= Area codes 610, 484, and 835 =

Telephone area codes in Pennsylvania, United States

Area codes 610, 484, and 835 are telephone overlay area codes in the North American Numbering Plan (NANP) for the eastern and southeastern regions of Pennsylvania. The numbering plan area (NPA) includes regions to the west of Philadelphia and the cities Allentown, Bethlehem, and Reading. It includes much of the Philadelphia metropolitan area, including almost all of Delaware County, most of the Philadelphia Main Line, and all of the Lehigh Valley.

==History==
Area code 610 was placed in service on January 8, 1994, in an area code split from numbering plan area 215, which had been the entire southeast quadrant of Pennsylvania since 1947. Permissive dialing of both 215 and 610 continued until the morning of January 7, 1995. It was Pennsylvania's first new area code since the definition of the area code system in 1947.

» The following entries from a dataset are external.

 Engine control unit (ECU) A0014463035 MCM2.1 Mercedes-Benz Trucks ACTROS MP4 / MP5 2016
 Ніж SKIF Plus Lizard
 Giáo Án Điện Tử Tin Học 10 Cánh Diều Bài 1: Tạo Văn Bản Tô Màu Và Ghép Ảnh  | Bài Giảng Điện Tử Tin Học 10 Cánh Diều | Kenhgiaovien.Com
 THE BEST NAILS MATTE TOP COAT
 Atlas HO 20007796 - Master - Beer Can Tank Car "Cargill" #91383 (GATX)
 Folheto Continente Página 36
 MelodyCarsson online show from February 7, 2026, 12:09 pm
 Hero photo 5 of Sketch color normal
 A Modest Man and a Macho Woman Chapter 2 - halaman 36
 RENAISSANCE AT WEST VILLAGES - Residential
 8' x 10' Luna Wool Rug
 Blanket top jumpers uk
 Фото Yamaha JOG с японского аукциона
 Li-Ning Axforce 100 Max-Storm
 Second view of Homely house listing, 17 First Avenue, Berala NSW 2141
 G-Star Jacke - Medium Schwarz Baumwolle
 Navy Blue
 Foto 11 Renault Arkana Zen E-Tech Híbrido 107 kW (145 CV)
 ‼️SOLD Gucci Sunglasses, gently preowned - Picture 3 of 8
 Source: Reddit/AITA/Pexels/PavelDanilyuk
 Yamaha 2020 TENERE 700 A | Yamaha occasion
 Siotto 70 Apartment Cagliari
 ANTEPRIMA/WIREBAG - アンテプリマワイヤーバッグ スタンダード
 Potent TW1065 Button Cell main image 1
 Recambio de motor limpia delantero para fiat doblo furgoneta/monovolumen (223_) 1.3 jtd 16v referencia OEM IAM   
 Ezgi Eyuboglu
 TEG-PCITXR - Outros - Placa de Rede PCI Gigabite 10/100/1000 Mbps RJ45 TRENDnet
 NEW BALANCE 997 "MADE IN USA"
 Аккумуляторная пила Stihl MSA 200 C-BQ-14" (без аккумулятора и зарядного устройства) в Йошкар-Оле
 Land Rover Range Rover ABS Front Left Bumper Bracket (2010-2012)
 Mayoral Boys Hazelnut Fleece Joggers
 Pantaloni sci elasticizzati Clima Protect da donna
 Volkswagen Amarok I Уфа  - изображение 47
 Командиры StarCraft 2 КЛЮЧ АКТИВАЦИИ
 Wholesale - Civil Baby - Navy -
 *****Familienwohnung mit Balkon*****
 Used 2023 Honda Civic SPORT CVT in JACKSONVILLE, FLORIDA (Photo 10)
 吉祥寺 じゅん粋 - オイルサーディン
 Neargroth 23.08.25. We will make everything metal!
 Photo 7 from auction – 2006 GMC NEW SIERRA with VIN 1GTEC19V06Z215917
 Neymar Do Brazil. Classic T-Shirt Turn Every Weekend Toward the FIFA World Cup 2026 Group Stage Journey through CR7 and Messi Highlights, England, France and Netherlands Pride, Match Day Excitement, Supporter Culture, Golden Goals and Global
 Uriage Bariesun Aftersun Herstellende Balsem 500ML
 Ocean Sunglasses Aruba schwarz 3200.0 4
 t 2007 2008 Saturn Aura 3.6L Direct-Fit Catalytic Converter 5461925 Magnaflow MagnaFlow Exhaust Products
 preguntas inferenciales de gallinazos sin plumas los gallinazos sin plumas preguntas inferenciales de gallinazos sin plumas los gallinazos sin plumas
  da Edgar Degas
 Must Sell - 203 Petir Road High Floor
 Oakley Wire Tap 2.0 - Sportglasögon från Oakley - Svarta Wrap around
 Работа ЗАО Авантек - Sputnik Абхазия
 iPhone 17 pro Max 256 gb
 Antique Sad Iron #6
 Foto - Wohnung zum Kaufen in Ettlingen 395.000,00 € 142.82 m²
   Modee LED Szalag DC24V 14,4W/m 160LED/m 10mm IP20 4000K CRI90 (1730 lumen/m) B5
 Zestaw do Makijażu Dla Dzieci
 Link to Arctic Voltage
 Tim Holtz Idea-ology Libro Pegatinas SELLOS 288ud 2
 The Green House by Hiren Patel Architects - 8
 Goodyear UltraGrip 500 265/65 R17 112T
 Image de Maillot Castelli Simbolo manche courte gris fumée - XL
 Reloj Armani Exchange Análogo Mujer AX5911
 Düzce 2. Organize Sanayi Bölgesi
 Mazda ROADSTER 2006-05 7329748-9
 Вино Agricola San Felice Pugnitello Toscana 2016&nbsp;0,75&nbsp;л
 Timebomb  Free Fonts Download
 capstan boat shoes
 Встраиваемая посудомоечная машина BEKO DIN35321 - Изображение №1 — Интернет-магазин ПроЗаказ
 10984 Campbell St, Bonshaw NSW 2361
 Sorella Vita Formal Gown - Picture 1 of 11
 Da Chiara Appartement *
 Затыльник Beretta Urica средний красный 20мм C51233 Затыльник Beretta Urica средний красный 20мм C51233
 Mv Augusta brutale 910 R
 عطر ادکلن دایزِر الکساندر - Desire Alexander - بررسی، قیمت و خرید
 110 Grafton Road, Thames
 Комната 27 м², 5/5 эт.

Three exchanges which would have switched to 610 were instead switched to 717, the area code for most of the eastern half of the state outside of the lower Delaware and Lehigh Valleys. The central office prefixes were 267 at Denver, 445 at Terre Hill, and 484 at Adamstown with 267 being renumbered as 717-336 because 717-267 was already in use at Chambersburg. These exchanges were all served by independent, non-Bell telephone companies, which sought to consolidate their eastern Pennsylvania customers into one area code and would have had to change area codes regardless.

This was intended as a long-term solution, but further growth in the region over the subsequent five years, and the proliferation of cell phones and pagers, spurred the introduction of area code 484 as an overlay for the 610 region on June 5, 1999, along with the introduction of mandatory ten-digit dialing.

In May 2000, area code 835 was established by the Pennsylvania Public Utility Commission as an additional code for the 610/484 overlay and was intended to be implemented in 2001. However, newly developed, more efficient number pooling measures were introduced instead, eliminating the immediate need for the new area code. The Commission formally withdrew plans for the new code on June 23, 2005, although the code remained reserved for later use within Pennsylvania if necessary. Area code 835 was eventually approved by the Public Utility Commission on December 2, 2021. Assignment of central office codes in the new area code began on September 2, 2022.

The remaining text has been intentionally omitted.